--- START ---

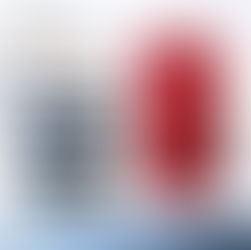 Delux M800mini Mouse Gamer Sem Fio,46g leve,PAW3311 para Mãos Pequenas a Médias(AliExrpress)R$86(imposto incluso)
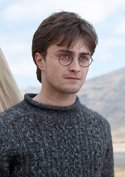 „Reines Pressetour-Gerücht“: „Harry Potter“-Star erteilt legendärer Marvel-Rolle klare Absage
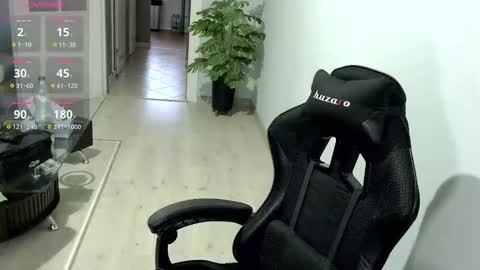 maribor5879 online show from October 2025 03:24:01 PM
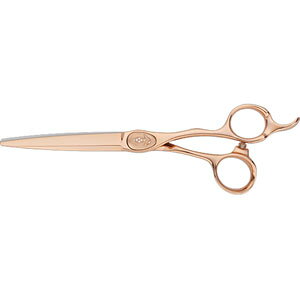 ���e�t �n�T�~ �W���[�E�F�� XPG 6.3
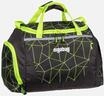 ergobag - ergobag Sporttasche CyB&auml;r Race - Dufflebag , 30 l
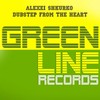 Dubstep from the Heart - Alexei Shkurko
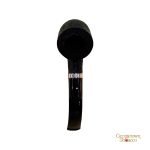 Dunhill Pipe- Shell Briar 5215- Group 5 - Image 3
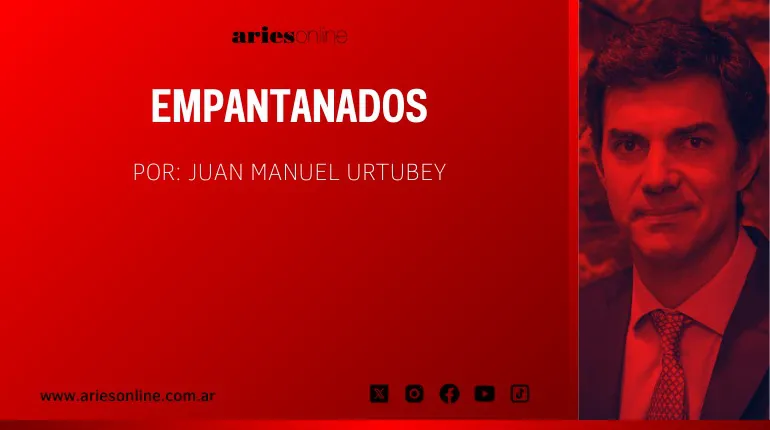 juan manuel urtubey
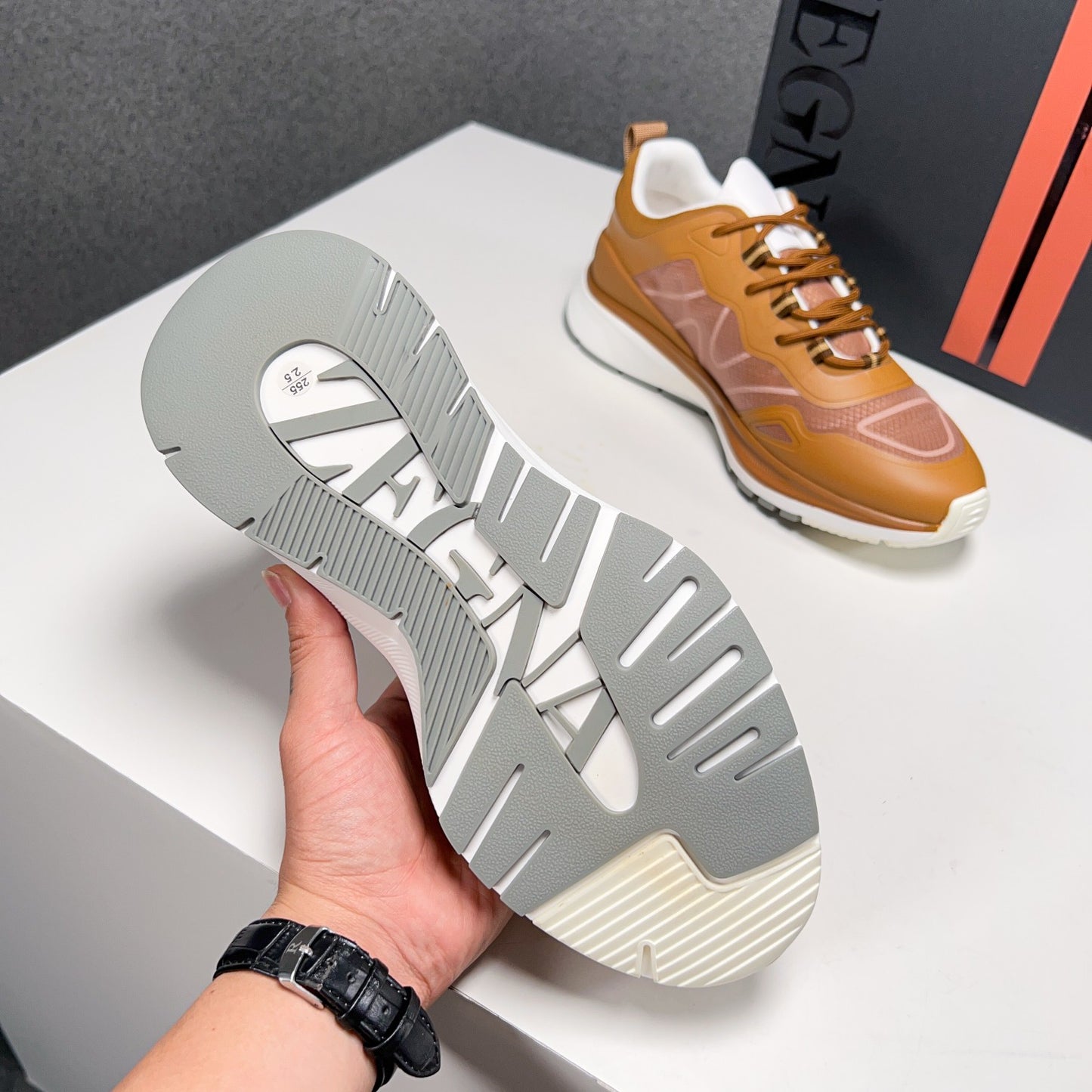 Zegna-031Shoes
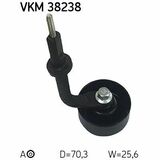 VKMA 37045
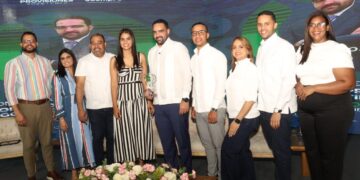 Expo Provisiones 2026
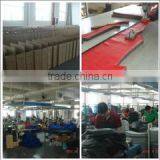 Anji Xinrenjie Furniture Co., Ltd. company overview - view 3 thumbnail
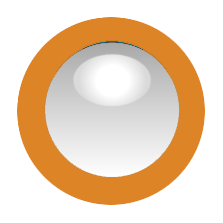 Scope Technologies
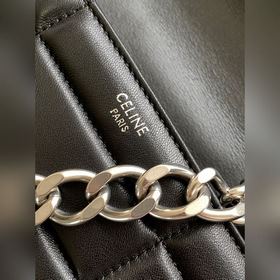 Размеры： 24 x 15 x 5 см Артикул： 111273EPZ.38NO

--- END ---

YOUR OBJECTIVE: Reproduce, word for word, only the lines in the records above from the line with "maribor5879 online show" through the line with "Dunhill Pipe- Shell", including both ends; omit the pictures.

RESPONSE TO THIS TASK:
 maribor5879 online show from October 2025 03:24:01 PM
 ���e�t �n�T�~ �W���[�E�F�� XPG 6.3
 ergobag - ergobag Sporttasche CyB&auml;r Race - Dufflebag , 30 l
 Dubstep from the Heart - Alexei Shkurko
 Dunhill Pipe- Shell Briar 5215- Group 5 - Image 3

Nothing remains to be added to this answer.